Southern Heritage Festival was a two-day music, arts, and culture festival dedicated to the African American population of Birmingham, Alabama. It was held from 2004 to 2006. The festival took place on the site of the future Railroad Reservation Park along Birmingham's "Railroad Reservation" corridor on the first weekend of August. Music styles include hip hop, Old school hip hop, classic R&B, and Gospel.

== History ==
The Southern Heritage Festival originally began in the 1960s, but ceased to exist by the early 1990s. It was replaced by the now-defunct Birmingham Heritage Festival, which was basically an all-music festival that targeted mostly younger audiences. But in July 2004 the Southern Heritage Festival was revived and given a second chance, with a new name, The Original Southern Heritage Festival, by John Ray, the festival's original organizer.
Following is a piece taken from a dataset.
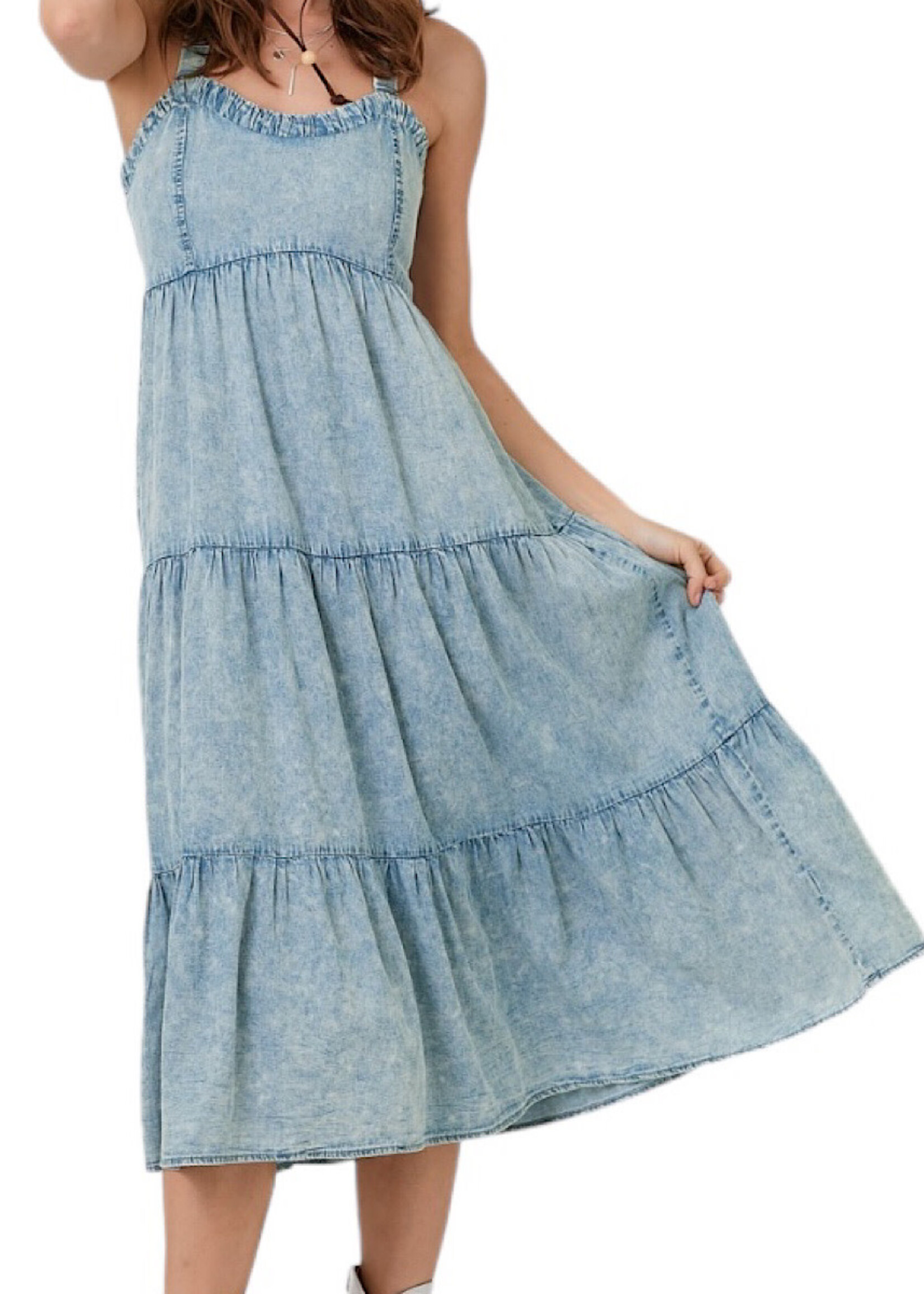 Denim Blue Washed Tiered Tencel Dress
In 2004 the event was held at the Alabama State Fairgrounds , but attendance was disappointing. In 2005 the event was moved to Kelly Ingram Park in Birmingham's Civil Rights District. The 2006 festival was planned for the Railroad Reservation site used successfully by the Schaeffer Eye Center Crawfish Boil. 2006 performers included Patti LaBelle, Buddy Guy, Koko Taylor, Bobby "Blue" Bland, Clarence Carter, and the Little Memphis Blues Orchestra.